I understand the very basics of the Lagrange approximations, but I'm having trouble applying it in this problem. I'm told to use x0, x1, and x2, so this immediately makes me think:
\begin{align}
\frac{(x-x1)(x-x2)}{(x0-x1)(x0-x2)}\cdot y0 +\frac{(x-x0)(x-x2)}{(x1-x0)(x1-x2)}\cdot y1 +\frac{(x-x0)(x-x1)}{(x2-x0)(x2-x1)}\cdot y2
\end{align}
From here I could just replace x1 with x0+h and x2 with x0+2h (I think). But I'm not exactly sure how to apply this Lagrange approximation to the finite difference approximation of f'(x). I'm honestly not even entire sure what the question in itself means. Am I approximating f'(x)? Am I approximating an approximation? I can easily complete steps b, c, and d, I just cannot wrap my head around a.
Do I just plug x0+h and x0+2h into x1 and x2, simplify, and I'm done? Do I need to modify the above polynomial? If so, how?

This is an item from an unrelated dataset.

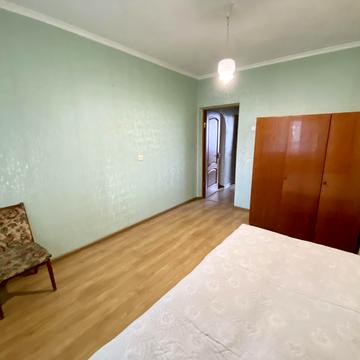 Мануйлівський просп. (Воронцова), 8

What exactly do I need to do to complete step a?
Best Answer
we have $(x1-x0)=h$ and $(x2-x0)=2h$
so
$$y=\frac{(x-x_1)(x-x_2)}{2h^2}y_0+\frac{(x-x_0)(x-x_2)}{-h^2}y_1+\frac{(x-x_0)(x-x_1)}{2h^2}y_2$$ $$y=\frac{1}{2h^2}\left [ (x-x_1)(x-x_2)y_0-2(x-x_0)(x-x_2)y_1+(x-x_0)(x-x_1)y_2 \right ]$$ $$y'=\frac{1}{2h^2}\left [ (x-x_1+x-x_2)y_0-2(x-x_0+x-x_2)y_1+(x-x_0+x-x_1)y_2 \right ]$$ $$y'=\frac{1}{2h^2}\left [ (2x-x_1-x_2)y_0-2(2x-x_0-x_2)y_1+(2x-x_0-x_1)y_2 \right ]$$
at $x_0$ we will get the forward formula of the first derivative $$y'=\frac{1}{2h^2}\left [ (2x_0-x_1-x_2)y_0-2(2x_0-x_0-x_2)y_1+(2x_0-x_0-x_1)y_2 \right ]$$ $$y'=\frac{1}{2h^2}\left [ (-3h)y_0-2(-2h)y_1+(-h)y_2 \right ]=\frac{1}{2h}\left [ -3y_0+4y_1-y_2 \right ]$$
at $x=x_1$ we will get the central formula of the first derivative $$y'=\frac{1}{2h^2}\left [ (2x_1-x_1-x_2)y_0-2(2x_1-x_0-x_2)y_1+(2x_1-x_0-x_1)y_2 \right ]$$ $$y'=\frac{1}{2h^2}\left [ (-h)y_0-2(-h+h)y_1+(h)y_2 \right ]$$ $$y'=\frac{1}{2h}\left [ -y_0+y_2 \right ]$$
then complete what you want